Task requirements ▸
Each image should be skipped while the records are restated word for word.

Entries supplied ▸
▬▬▬
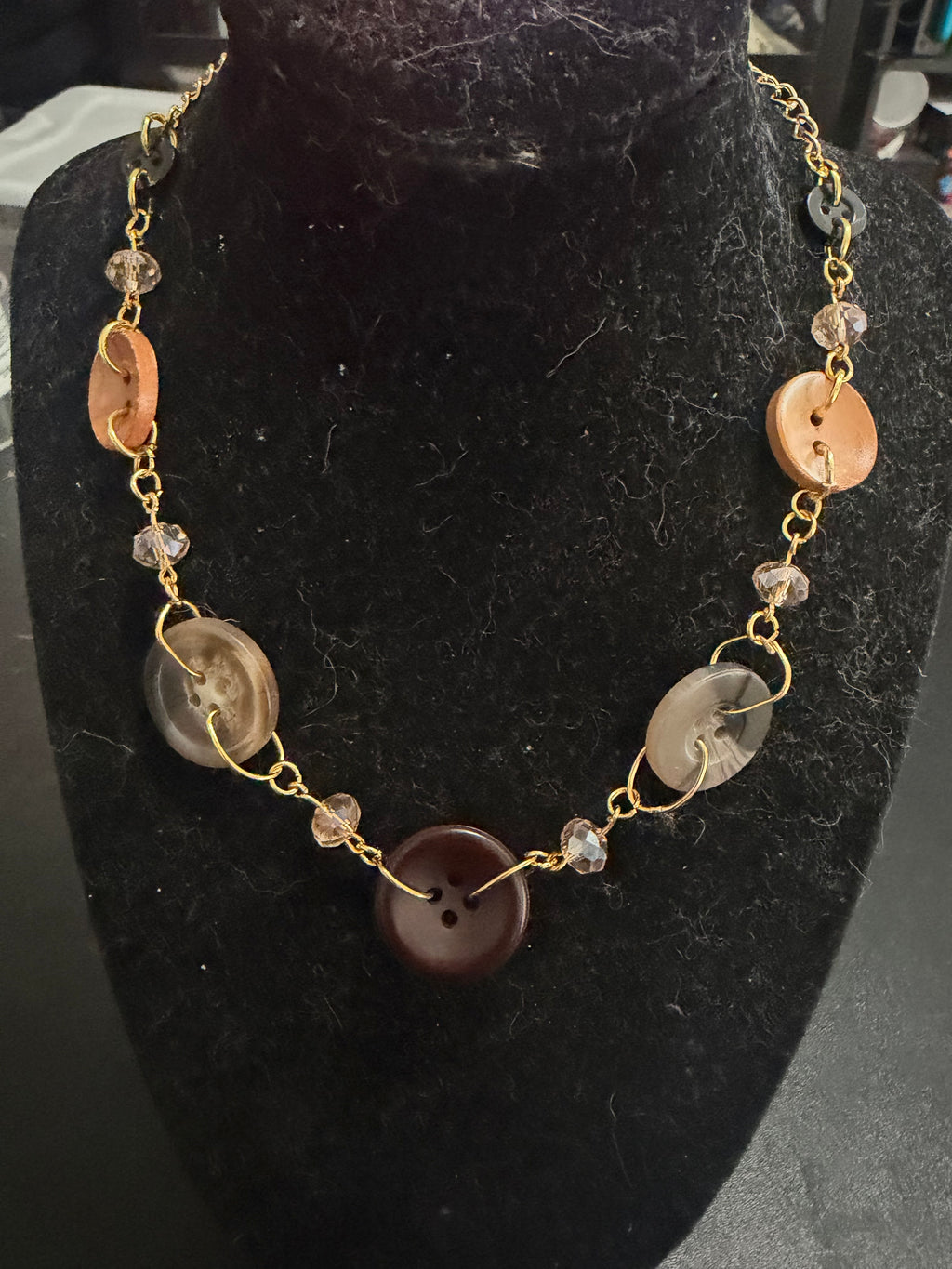Button necklace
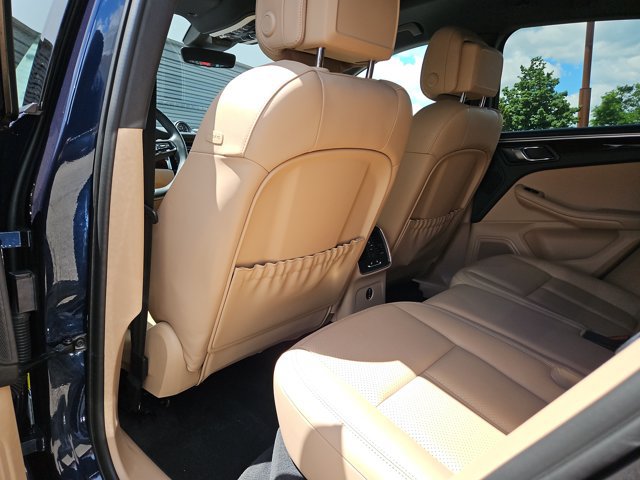 Certified 2023 Porsche Macan AWD/4WD image 22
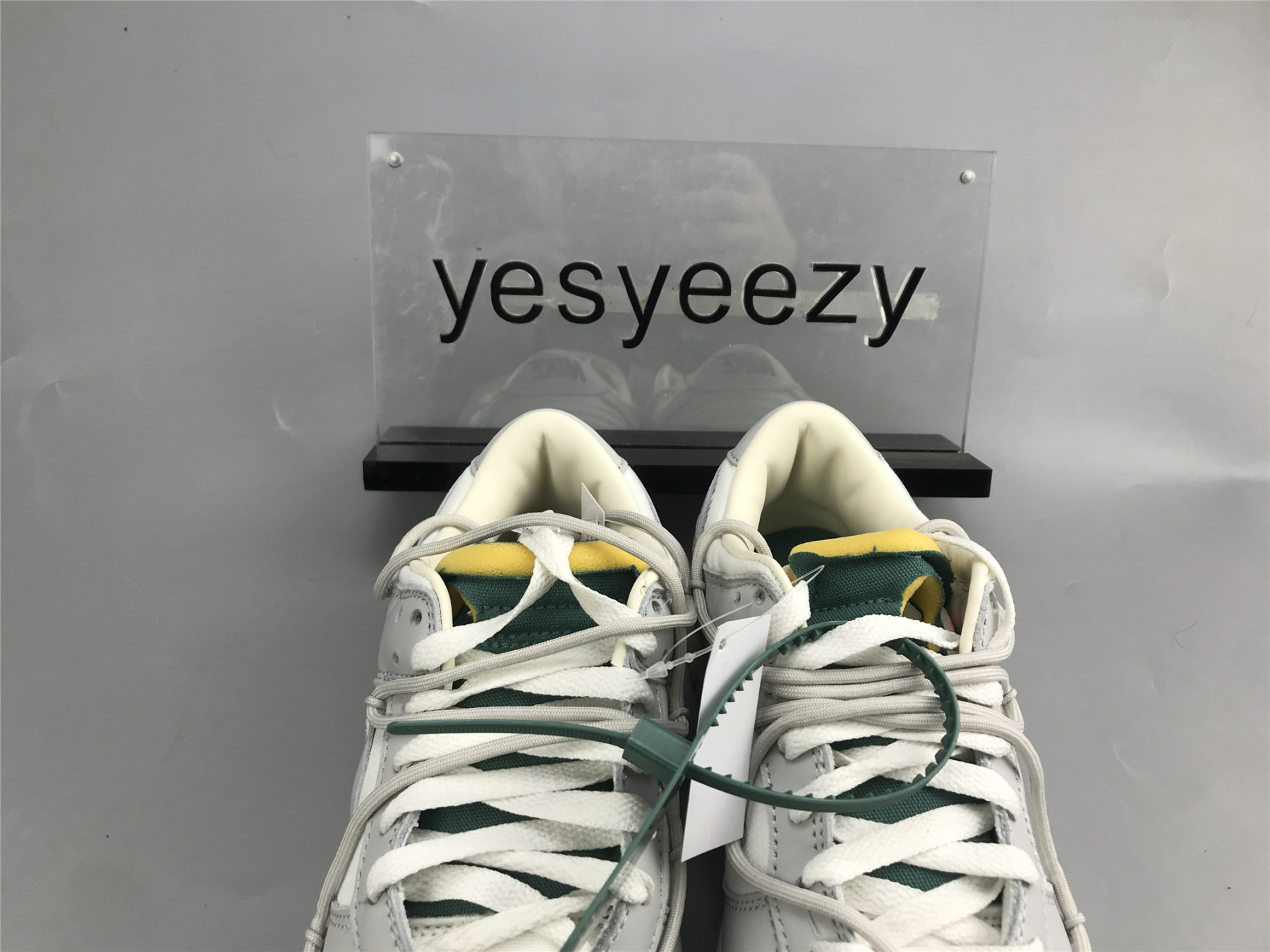 UA NIKE OFF-WHITE X DUNK LOW 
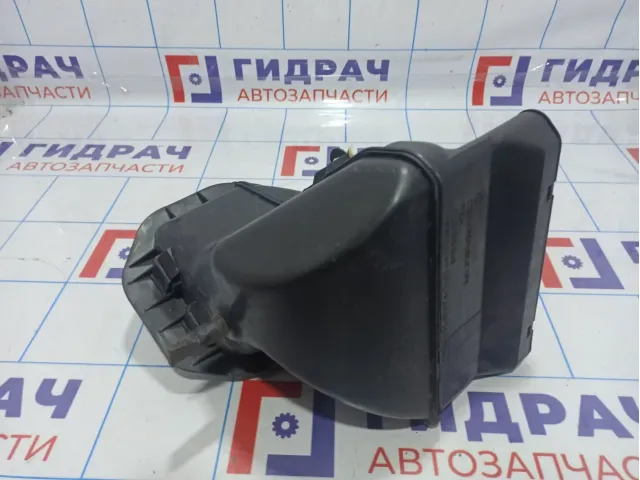 Воздухозаборник Porsche Cayenne (9PA) 7L0819049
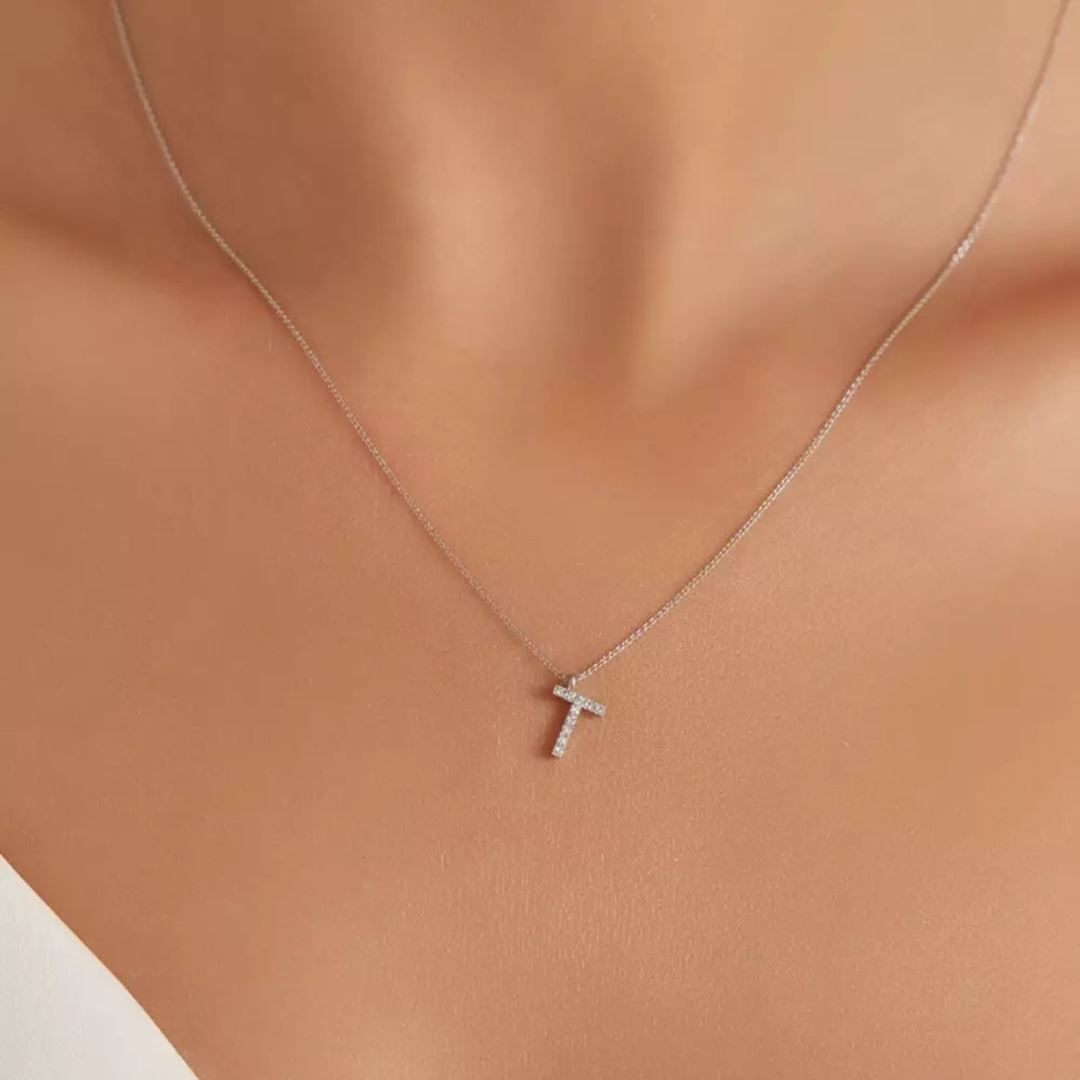 T Harf 0.06 CT Pırlanta Taşlı Beyaz Altın Kolye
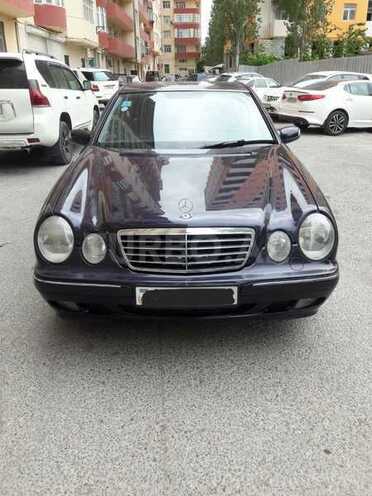Mercedes E 220 2000, 294,000 km - 2.2 l - Bakı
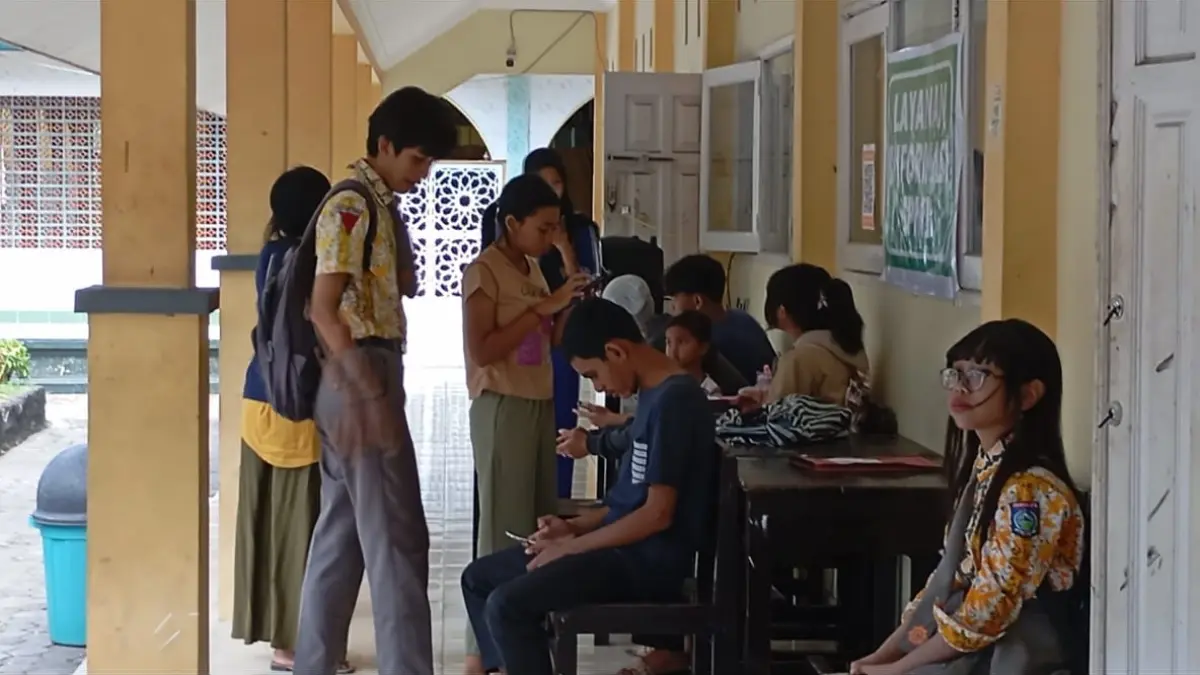 SISTEM ERROR: Sejumlah orang tua mendaftarkan anaknya pada SPMB jalur afirmasi dan mutasi secara online di salah satu SMA negeri di Kota Mataram, Rabu (3/6).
▬▬▬
Answer below ▸
Button necklace
 Certified 2023 Porsche Macan AWD/4WD image 22
 UA NIKE OFF-WHITE X DUNK LOW 
 Воздухозаборник Porsche Cayenne (9PA) 7L0819049
 T Harf 0.06 CT Pırlanta Taşlı Beyaz Altın Kolye
Mercedes E 220 2000, 294,000 km - 2.2 l - Bakı
 SISTEM ERROR: Sejumlah orang tua mendaftarkan anaknya pada SPMB jalur afirmasi dan mutasi secara online di salah satu SMA negeri di Kota Mataram, Rabu (3/6).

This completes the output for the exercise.